--- START ---

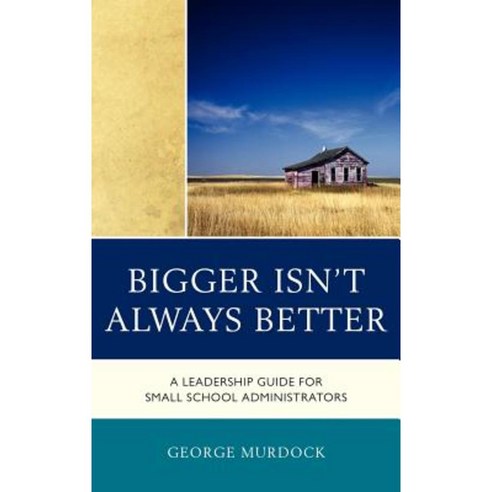 Bigger Isn''t Always Better: A Leadership Guide for Small School Administrators Hardcover, R & L Education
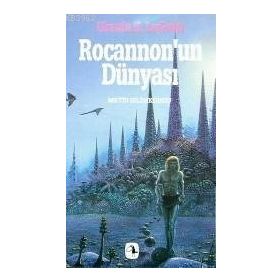 ROCANNON´UN DÜNYASI - URSULA KROEBER LE GUIN (URSULA K. LEGUIN)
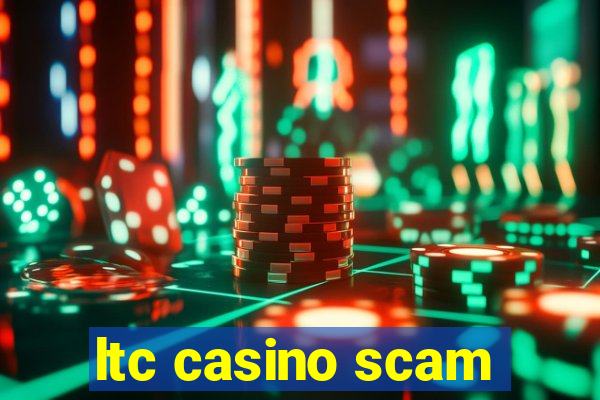 ltc casino scam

--- END ---

Exercise: All of the data above should be quoted exactly, except for the pictures.

Finished exercise:
 Bigger Isn''t Always Better: A Leadership Guide for Small School Administrators Hardcover, R & L Education
 ROCANNON´UN DÜNYASI - URSULA KROEBER LE GUIN (URSULA K. LEGUIN)
 ltc casino scam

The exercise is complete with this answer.